*PROBLEM REQUIREMENTS*
Exercise in exact copying: restate word for word only the lines below from the one containing "A baby goat." through the one containing "A dog enjoys", omitting any pictures.

*DATASET ENTRIES*
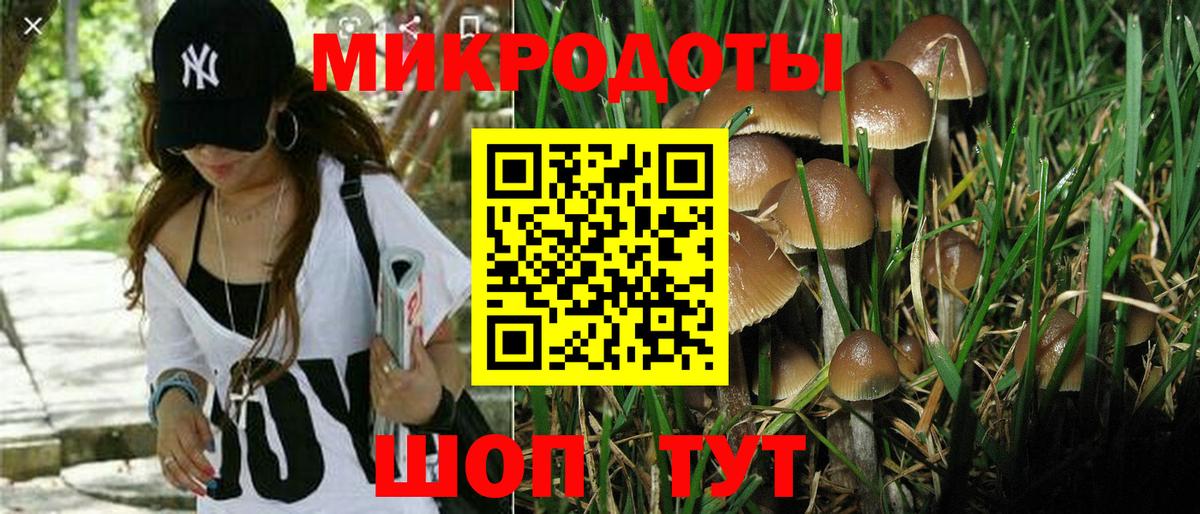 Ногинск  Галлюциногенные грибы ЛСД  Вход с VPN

* * *

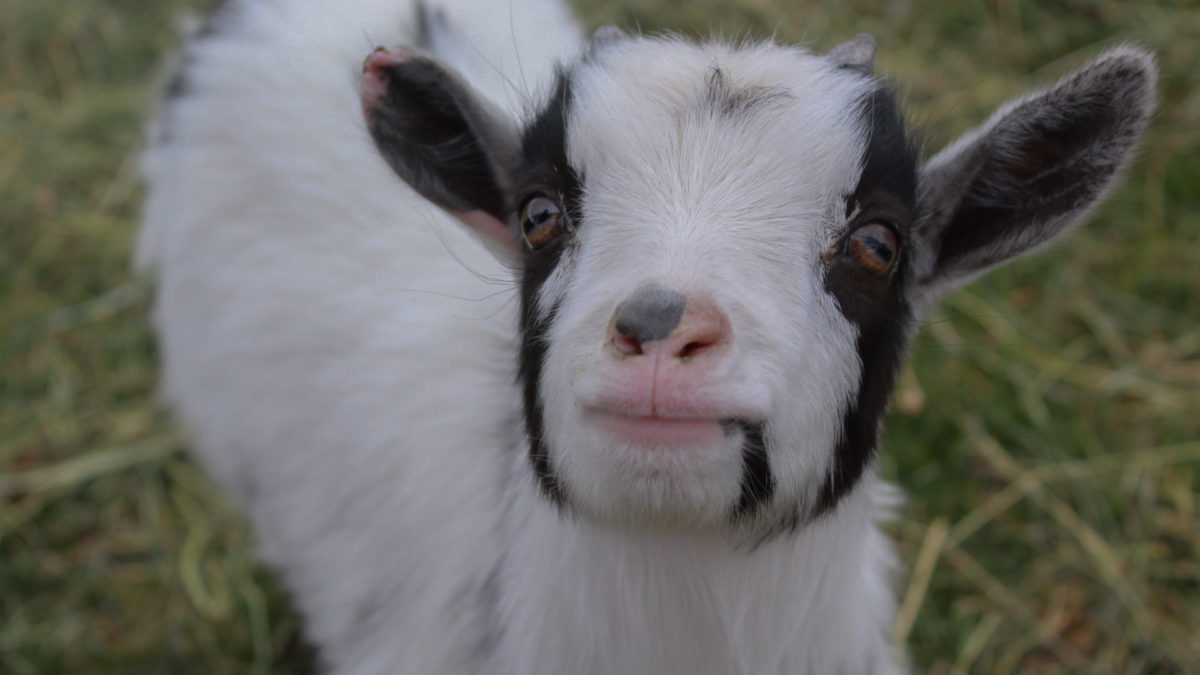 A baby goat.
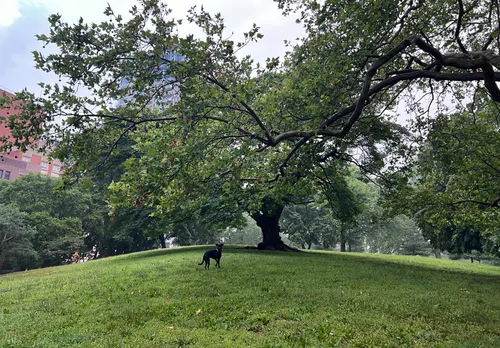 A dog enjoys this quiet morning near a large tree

* * *

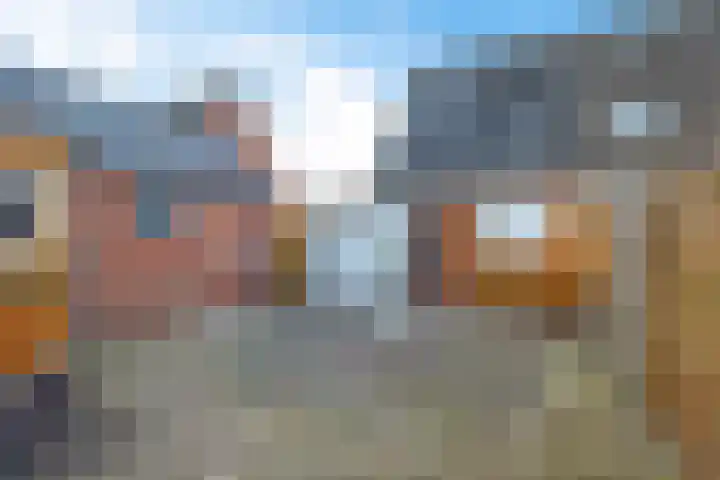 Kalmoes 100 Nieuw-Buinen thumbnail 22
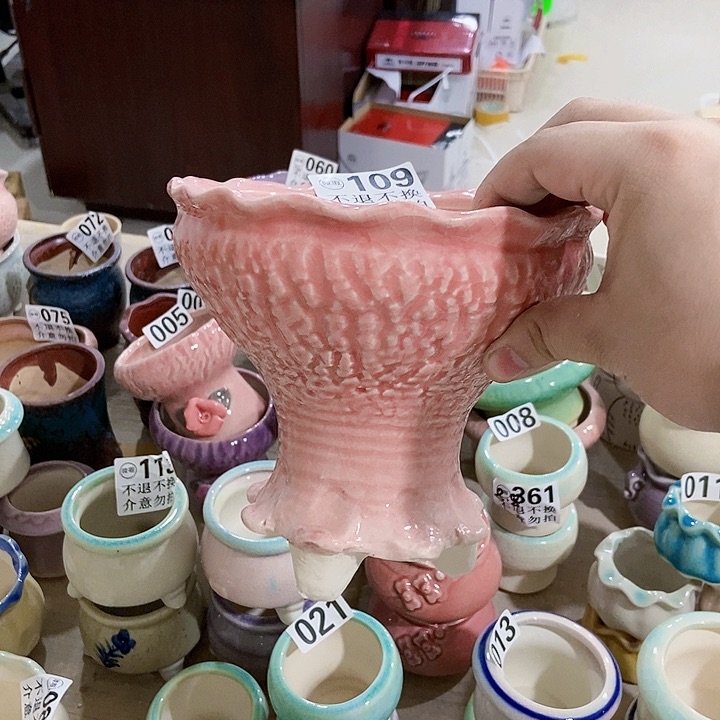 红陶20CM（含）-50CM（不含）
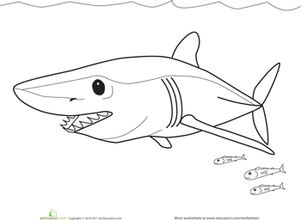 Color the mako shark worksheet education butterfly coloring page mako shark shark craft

*WRITTEN ANSWER*
 A baby goat.
 A dog enjoys this quiet morning near a large tree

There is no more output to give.